[This thread refers to the thread: "Poisson - negative binomial" Dec. 19, 2011 and Sep 06, 2012]
I have E(X) and V(X) of a neg.bin. distributed RV and would like to compute the cumulative Neg. Bin. function for P(X<=2). CDF.NEGBIN(quant,thresh,prob) --------------------- According to my textbook [1] E(X)= k(1-p)/p V(X)=k(1-p)/p^2 p = E(x)/V(x) k= E(X) p(1-p) (where p is the probability and k is the threshold) -------------------- Example: E(x) = 1.0815 V(x) = 1.7697 -> p = 0.611, k = 1.7 -------------------- My problem is that I do not get the results of the SPSS function reproduced . In the described example the result should be 0.8694. Instead SPSS computes 0.5366. See for example this python recursive version: begin program. import math import spss def negbin(x,k,p): if x==0: return math.pow(p,k) return negbin(x-1,k,p)*(1-p)*(x-1+k)/(x-1+1) def VertNegBin(x,k,p): zaehler=x summe=0 while zaehler>=0: summe=summe+negbin(zaehler,k,p) zaehler=zaehler-1 return summe end program. *----------------------------------------------------------------. COMPUTE var = 1.7697. COMPUTE Lambda_f = 1.0815. compute wert=2. *----------------------------------------------------------------. COMPUTE negProb=LAMBDA_F/var.
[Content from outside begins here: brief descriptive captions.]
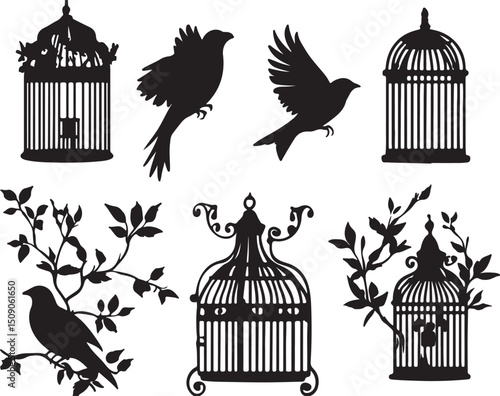 Birdcage Silhouette Vector Art: Birds Flying, Cages, Branches, Decorative Design Elements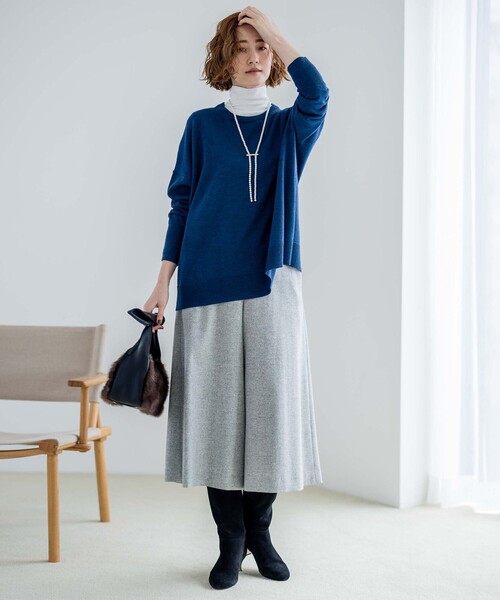 23区 パンツ シルクネップツイード ガウチョパンツ レディース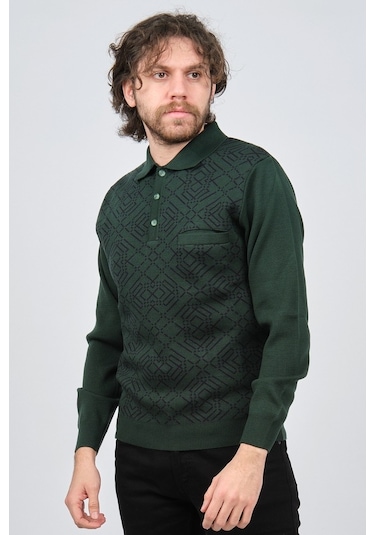 Ateş Triko Erkek Cep Detaylı Polo Yaka Desenli Yün Kazak 6092097 Yeşil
COMPUTE thresh=LAMBDA_F*(negProb/(1-negProb)). execute. spssinc trans result=CDFnegBinResult /Formula "VertNegBin( wert, thresh,negProb)". execute. spssinc trans result=PDFnegBinResult /Formula "negbin( wert, thresh,negProb)". execute. COMPUTE SPSS_version=CDF.NEGBIN(wert,thresh,negProb). EXECUTE. My question: Is it an SPSS Bug or my misunderstanding of thresh and prob in the SPSS function, and if the last applies, how then to compute CDF.NEGBIN(quant,thresh,prob) ? Literature: [1] Schlittgen, R.: Einführung in die Statistik. 5. Auflg. Oldenbourg 1995, S.203 ff
Dr. Frank Gaeth
|
There are two different parameterizations
of the negative binomial in common usage. You are probably
looking at definitions for a different parameterization than SPSS uses.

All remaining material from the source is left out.